In einer Welt, in der wir glauben, alles wissenschaftlich erklären zu können, schrumpft der Bedarf an Religiosität. Wir brauchen keine von Gott gesandten Wunder, sondern Geld zum Kaufen der benötigten Wunder. Und wo das gar zu oft passiert, vermisst man weder Gott noch seinen Sohn. Die Ankunft Christi ist kein Grund mehr zur Begeisterung oder um gar in einen Gottesdienst zu gehen.

Die Kirche selbst verscheucht schließlich diejenigen, die es aus tiefreligiösen Gründen in die Kirche zieht, mit ihren Skandalen, Versäumnissen und Verfehlungen, die sich wenn schon nicht vermeiden so doch zumindest aufklären und strafen ließen. Das heißt, nein, die Kirche straft nicht, sie vergibt. Aber unsere Zeit sucht weniger Vergebung als vielmehr Strafen und harte Konsequenzen - für die jeweils anderen.

Sorgen um Arbeitsplatz und Zukunft, Ängste vor Flüchtlinge, Gewalt und Krieg lassen und nicht nach göttlichem Rat suchen, sondern erzeugenden Gewalt und Forderungen an die Regierenden, die anstelle Gottes Lösungen präsentieren sollen. Den Satz "Hilf dir selbst, so hilft dir Gott" nehmen wir nur allzu wörtlich. Denn wenn wir uns selbst helfen sollen und müssen, brauchen wir keinen Gott mehr anzubeten.

Damit schwindet auch das Vertrauen in die göttliche Macht und die Hoffnung auf die Erlösung, die Gottes Sohn bringen soll.

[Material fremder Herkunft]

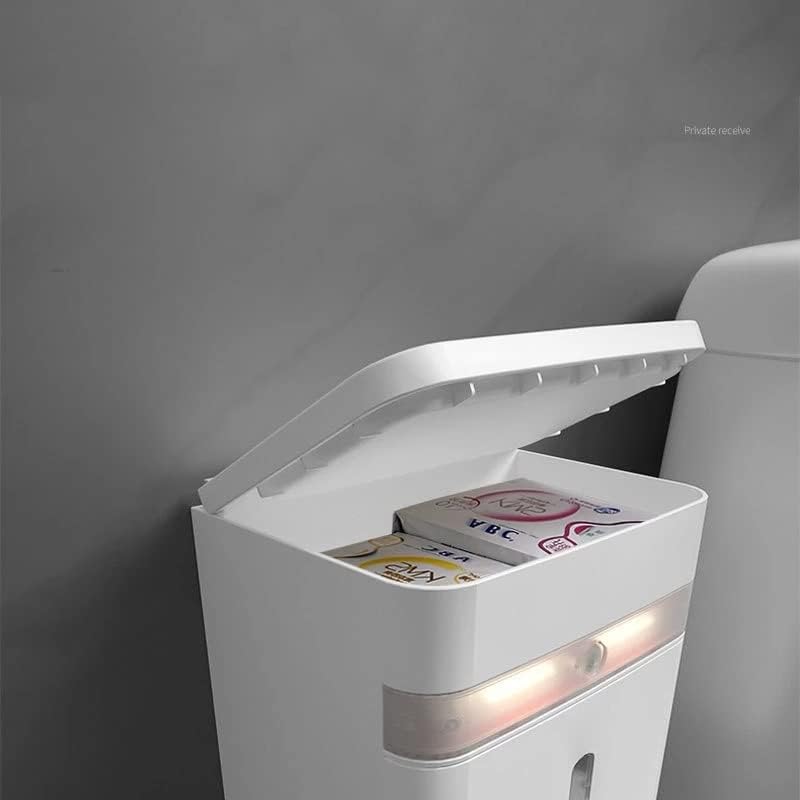 Zidni držač toaletnog papira za kupaonicu s LED osvjetljenjem i ladicom za odlaganje maramica velikog kapaciteta za kupaonicu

Um ihn, Gottes Sohn, Jesus Christus, geht es aber im Advent. Weihnachten als das Fest der Liebe würde ohne den christlichen Gedanken seinen Sinn verlieren.

Somit ist eigentlich kein Weihnachten ohne den christlichen Glauben möglich. Auf die Kirche können wir notfalls noch verzichten, nicht jedoch auf die Weihnachtsgeschichte als Anlass für dieses Fest. Würde die Weihnachtsgeschichte in Vergessenheit geraten oder der Glaube daran versiegen, wären Advent und Weihnachten nichts anderes mehr als 4 Wochen Party mit 2 gesetzlichen Feiertagen als abschließender Höhepunkt.